Materials provided below:
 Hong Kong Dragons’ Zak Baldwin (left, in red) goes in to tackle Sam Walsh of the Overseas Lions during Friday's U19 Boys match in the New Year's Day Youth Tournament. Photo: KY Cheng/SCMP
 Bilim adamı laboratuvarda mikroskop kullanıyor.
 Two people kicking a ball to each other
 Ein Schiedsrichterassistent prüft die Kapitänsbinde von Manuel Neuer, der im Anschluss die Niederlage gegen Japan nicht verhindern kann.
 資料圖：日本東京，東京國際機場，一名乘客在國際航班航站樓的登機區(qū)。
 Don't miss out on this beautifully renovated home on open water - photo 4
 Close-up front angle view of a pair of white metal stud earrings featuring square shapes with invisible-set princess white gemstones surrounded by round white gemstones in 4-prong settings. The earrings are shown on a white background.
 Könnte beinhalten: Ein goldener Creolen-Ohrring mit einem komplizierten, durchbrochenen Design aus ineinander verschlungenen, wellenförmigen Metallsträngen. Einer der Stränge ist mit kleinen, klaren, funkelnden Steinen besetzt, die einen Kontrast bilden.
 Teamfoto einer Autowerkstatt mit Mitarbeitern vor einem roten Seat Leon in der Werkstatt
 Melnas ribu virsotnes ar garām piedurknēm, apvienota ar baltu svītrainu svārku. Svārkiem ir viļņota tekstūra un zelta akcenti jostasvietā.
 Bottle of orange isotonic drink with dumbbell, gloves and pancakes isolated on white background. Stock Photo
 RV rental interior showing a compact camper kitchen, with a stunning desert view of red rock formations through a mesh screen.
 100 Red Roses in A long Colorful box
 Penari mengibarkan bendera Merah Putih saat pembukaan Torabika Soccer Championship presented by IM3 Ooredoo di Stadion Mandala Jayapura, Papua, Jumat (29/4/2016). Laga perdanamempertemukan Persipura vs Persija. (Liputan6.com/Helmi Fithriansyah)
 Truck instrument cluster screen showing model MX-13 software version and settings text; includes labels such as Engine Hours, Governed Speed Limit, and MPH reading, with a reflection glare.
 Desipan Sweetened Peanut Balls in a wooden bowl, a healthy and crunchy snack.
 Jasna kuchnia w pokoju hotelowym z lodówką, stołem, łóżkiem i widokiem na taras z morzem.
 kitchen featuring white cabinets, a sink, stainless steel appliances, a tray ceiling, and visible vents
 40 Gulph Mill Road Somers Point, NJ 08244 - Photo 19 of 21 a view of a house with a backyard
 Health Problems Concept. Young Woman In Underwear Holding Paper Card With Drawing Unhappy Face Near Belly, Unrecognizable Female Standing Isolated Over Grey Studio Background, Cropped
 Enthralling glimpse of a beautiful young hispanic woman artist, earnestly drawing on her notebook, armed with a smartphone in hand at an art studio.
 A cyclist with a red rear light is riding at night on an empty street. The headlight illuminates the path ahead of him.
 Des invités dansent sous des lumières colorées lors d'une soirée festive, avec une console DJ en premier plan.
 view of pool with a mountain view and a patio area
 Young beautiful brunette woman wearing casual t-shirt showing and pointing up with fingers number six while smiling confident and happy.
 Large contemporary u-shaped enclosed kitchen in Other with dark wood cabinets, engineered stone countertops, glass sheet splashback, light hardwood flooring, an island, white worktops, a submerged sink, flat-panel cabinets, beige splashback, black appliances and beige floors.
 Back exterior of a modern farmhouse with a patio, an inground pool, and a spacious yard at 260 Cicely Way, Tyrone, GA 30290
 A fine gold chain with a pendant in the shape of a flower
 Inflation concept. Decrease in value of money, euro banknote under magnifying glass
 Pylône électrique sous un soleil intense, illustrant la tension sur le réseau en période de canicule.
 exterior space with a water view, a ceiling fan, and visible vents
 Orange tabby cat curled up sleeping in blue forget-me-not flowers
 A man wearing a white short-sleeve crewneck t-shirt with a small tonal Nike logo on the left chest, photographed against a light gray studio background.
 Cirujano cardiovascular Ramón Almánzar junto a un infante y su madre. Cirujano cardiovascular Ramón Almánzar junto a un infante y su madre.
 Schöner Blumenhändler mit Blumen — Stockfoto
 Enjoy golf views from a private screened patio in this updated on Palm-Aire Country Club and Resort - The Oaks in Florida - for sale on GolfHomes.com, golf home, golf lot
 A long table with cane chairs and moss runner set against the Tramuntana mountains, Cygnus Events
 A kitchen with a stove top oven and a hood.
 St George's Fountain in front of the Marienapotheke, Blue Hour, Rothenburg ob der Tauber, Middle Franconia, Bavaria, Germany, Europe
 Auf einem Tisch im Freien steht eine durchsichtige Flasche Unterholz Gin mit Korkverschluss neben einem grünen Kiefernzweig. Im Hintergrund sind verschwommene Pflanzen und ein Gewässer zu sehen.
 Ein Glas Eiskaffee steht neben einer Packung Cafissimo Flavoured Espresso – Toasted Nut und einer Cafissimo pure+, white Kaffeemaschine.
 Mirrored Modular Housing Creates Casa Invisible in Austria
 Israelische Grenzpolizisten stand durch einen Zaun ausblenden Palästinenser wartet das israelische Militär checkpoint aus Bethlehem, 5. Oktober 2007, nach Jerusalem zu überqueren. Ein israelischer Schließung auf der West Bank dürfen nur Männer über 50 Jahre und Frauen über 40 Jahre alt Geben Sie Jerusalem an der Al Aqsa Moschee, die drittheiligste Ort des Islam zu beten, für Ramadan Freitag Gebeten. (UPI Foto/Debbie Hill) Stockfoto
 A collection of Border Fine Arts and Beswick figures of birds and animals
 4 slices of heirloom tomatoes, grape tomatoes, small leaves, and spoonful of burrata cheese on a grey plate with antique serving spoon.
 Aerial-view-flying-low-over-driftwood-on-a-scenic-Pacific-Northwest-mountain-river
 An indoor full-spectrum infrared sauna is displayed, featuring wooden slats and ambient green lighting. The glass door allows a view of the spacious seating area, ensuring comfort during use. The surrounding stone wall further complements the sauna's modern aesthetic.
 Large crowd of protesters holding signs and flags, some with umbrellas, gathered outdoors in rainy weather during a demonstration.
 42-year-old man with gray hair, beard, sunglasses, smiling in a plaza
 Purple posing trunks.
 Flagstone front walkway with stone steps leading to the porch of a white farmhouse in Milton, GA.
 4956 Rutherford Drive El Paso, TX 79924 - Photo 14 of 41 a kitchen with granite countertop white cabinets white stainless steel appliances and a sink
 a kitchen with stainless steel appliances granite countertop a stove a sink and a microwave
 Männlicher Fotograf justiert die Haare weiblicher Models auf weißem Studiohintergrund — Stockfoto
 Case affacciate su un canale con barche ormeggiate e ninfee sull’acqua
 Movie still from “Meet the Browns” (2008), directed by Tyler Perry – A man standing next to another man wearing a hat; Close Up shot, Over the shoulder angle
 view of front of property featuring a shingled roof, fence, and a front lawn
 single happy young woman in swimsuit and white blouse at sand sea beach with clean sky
End of Materials provided.
The lines above that hold the word "wooden" should be found and copied out.

 Desipan Sweetened Peanut Balls in a wooden bowl, a healthy and crunchy snack.
 An indoor full-spectrum infrared sauna is displayed, featuring wooden slats and ambient green lighting. The glass door allows a view of the spacious seating area, ensuring comfort during use. The surrounding stone wall further complements the sauna's modern aesthetic.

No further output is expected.